Copy the page URI to the clipboard
Eardley, Robert Howard
(1978).
DOI: https://doi.org/10.21954/ou.ro.0000f74a
Abstract
This dissertation begins with a review of different types of Computer Aided Instruction. A classification scheme developed from a variety of similar systems found in the literature is used to analyse the different forms of Computer Aided Instruction (CAI) in use at the Open University. The analysis is considered to be particularly relevant in view of the fact that some 10,000 student-terminal hours were devoted to CAI programs at the Open University during 1976.
The main type of CAI program in use at the Open University is the computation type. However, in the Physics discipline of the Science Faculty, which is the author's particular concern, the type of CAI program in use is of the calculational experiment type. Hence three calculational experiment programs used at the Open University's Summer School by the Physics discipline were selected for further scrutiny.
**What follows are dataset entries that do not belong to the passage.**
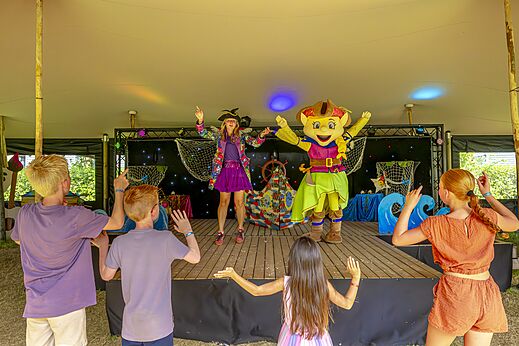Animación pirata y mascota para niños en el camping CAPFUN Erkemederstrand en Zeewolde.
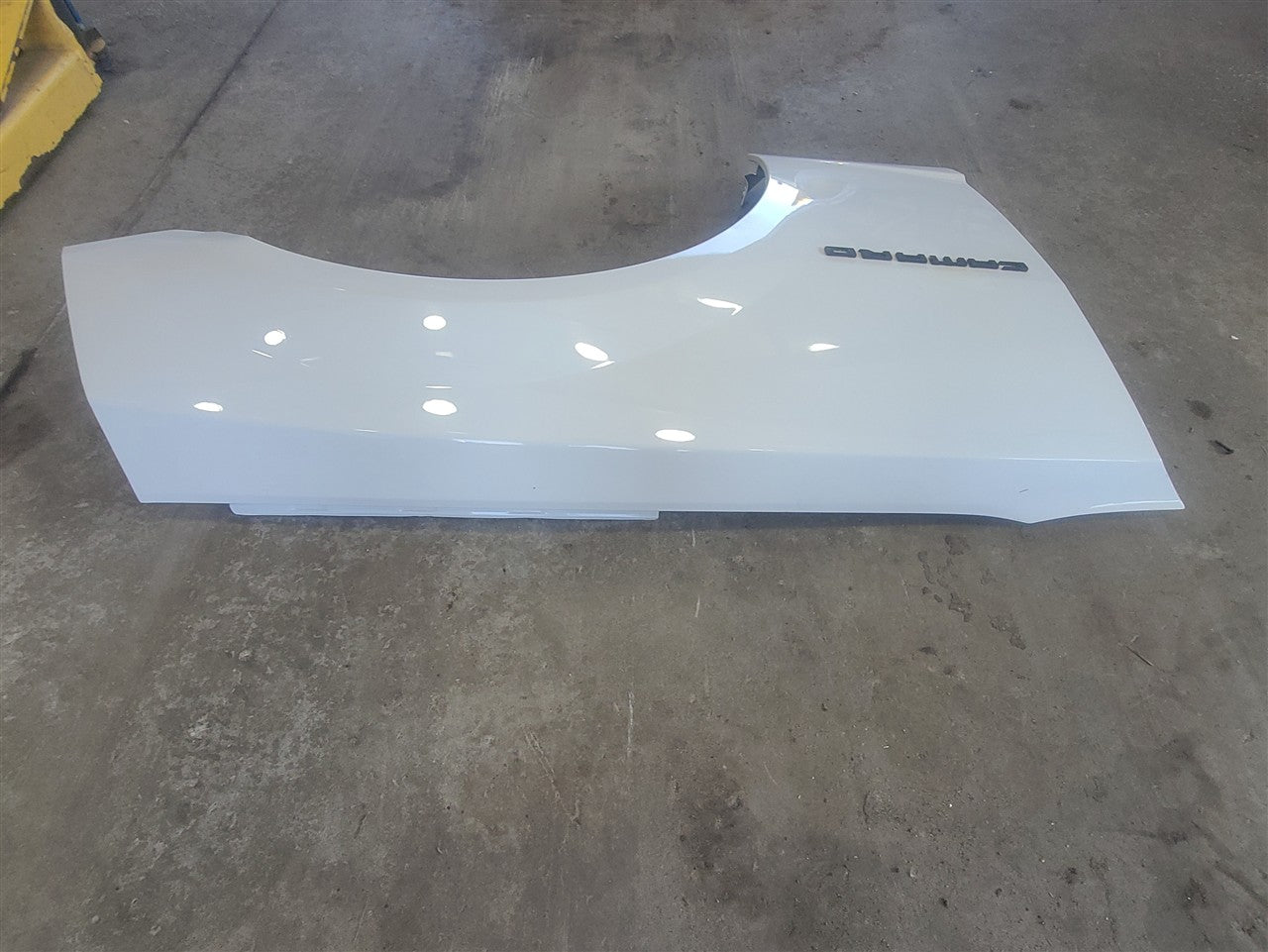 2014 CAMARO RH FENDER SUMMIT WHITE GAZ 6D.5 33571 - image 17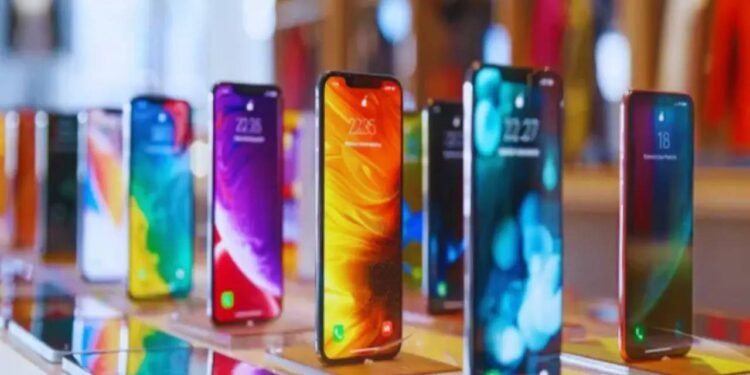 Budget 2026: 1 फरवरी के बाद स्मार्टफोन महंगे होंगे या सस्ते? एक्सपर्ट्स की राय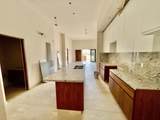  3.7 M Extra-High Ceilings Ground Floor - Photo 3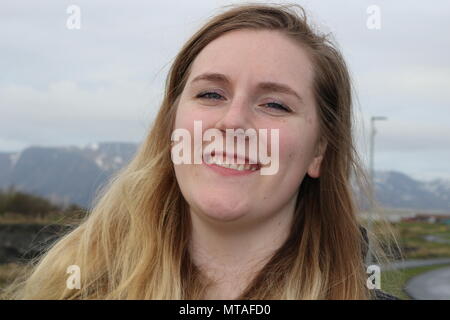 Jeune femme avec des yeux bleus et un beau sourire, portraits en plein air. 20 à 25 ans, de race blanche et blonde a mis en relief les cheveux.. Banque D'Images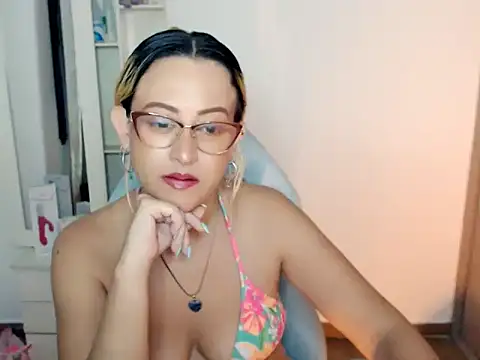 Snapshot of BOREAL_MOON chatting on December 22, 2025, 11:49 pm BOREAL MOON online show from December 22, 2025, 11:49 pm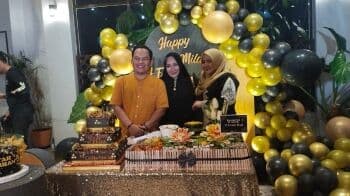 Bahagianya Faank Wali Dapat Kejutan Ulang Tahun dari Istri dan Teman Lama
A study was undertaken to determine the effect of each program on student learning. No significant gains were noted. However, the use of relatively small groups (because of existing constraints) and tests which could have been more reliable may have contributed to this. The effect of each program on student attitudes was also measured, and it is of interest to note that with larger student groups, and more reliable measures, each program had a significant, and positive, effect on student attitudes towards the use of the programs concerned.